A. and Others v United Kingdom is a human rights case decided on 19 February 2009 by the European Court of Human Rights. It unanimously held that holding prisoners indefinitely under the Anti-terrorism, Crime and Security Act 2001 was incompatible with Article 5.

== Background ==
In the aftermath of the September 11 attacks, eleven men were detained in HMP Belmarsh under the Anti-terrorism, Crime and Security Act 2001. They were alleged to be involved in extreme Islamic terrorist groups and were suspected of financially supporting them. Given that deporting them would give rise to ill-treatment, they were detained without trial. Eight of the applicants remained in Belmarsh until the Act was repealed by Parliament in 2005.

== Judgment and reasoning ==
Following the decision in the House of Lords, the applicants were still kept in detention and therefore applied to the European Court on Human Rights. Scholars have argued that the House of Lords judgment prepared the ground for the judgment of the European Court of Human Rights.

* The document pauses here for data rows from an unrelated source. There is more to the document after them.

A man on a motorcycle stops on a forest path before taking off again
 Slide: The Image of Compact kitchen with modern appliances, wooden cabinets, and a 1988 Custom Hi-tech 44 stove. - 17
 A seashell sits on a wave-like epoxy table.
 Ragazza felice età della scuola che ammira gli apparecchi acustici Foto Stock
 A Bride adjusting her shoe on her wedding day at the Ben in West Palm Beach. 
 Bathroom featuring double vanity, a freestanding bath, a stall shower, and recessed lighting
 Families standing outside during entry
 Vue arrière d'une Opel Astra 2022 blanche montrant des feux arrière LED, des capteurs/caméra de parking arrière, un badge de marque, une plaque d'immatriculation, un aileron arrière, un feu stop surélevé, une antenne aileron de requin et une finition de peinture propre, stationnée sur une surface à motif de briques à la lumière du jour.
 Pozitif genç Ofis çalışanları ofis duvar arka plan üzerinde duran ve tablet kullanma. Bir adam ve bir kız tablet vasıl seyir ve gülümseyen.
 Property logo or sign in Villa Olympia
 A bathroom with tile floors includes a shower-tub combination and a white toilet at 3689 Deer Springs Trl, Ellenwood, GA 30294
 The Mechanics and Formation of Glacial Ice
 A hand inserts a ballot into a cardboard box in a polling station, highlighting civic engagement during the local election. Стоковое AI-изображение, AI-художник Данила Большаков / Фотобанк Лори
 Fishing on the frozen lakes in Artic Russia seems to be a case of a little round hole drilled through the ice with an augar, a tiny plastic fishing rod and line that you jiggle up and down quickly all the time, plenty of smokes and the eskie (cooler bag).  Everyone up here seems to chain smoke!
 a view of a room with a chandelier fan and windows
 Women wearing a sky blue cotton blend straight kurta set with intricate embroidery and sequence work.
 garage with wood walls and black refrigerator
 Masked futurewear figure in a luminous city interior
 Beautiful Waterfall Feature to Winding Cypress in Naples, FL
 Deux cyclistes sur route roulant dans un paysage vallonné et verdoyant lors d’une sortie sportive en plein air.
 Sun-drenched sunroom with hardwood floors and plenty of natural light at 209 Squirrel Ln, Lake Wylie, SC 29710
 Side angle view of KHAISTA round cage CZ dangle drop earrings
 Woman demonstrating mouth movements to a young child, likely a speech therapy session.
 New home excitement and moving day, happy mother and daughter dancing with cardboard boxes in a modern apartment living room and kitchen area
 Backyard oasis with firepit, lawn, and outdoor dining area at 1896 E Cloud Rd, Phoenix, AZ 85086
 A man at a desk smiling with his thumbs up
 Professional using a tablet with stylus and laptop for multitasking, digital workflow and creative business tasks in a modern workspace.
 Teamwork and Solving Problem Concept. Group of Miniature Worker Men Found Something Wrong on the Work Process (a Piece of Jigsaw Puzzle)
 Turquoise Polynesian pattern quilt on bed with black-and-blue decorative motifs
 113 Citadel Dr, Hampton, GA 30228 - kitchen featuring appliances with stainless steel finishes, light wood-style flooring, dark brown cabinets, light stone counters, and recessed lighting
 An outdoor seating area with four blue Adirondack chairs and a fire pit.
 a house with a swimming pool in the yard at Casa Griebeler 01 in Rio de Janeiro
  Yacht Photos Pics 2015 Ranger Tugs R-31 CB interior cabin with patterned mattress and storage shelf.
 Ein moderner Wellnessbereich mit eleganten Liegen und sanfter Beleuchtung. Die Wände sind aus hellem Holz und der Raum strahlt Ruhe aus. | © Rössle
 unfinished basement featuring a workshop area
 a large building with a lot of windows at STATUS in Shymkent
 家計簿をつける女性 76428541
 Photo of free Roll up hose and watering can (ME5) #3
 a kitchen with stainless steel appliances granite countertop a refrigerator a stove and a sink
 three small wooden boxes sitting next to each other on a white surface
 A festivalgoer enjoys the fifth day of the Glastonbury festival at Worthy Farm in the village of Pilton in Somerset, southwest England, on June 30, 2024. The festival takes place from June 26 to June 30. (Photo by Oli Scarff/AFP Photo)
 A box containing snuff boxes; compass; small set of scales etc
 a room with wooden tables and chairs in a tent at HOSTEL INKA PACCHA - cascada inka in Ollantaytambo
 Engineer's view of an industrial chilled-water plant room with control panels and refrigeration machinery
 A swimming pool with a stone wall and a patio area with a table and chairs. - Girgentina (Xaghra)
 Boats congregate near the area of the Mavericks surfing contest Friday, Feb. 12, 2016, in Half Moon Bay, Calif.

The Court unanimously ruled that the applicant's detention did not fall within the exception to the right of liberty set out in Article 5 (1)(f) as it was not possible to deport them. The Government argued that Article 5 allows a balance between the right to liberty and the protection of national security from a terrorist threat. The Court stated that the derogating circumstances under Article 15 are judged based on the exigencies of the situation. Much like the House of Lords, the Court considered these measures were disproportionate and discriminatory to non-nationals, as the Act only applied to non-British nationals and in principle the terrorist threat is posed equally by nationals and non-nationals. The Court, therefore, found a violation for nine of the applicants.

The Court also found a violation of Article 5(4) in regarding four of the applicants, since due process was not satisfied during the proceedings. Some of the evidence used against the applicants was not disclosed to them and the advocates of the Special Immigration Appeals Commission could not communicate with their clients.

The Court also found a violation of Article 5(5), in providing compensation for unlawful detention, for all the applicants, except two.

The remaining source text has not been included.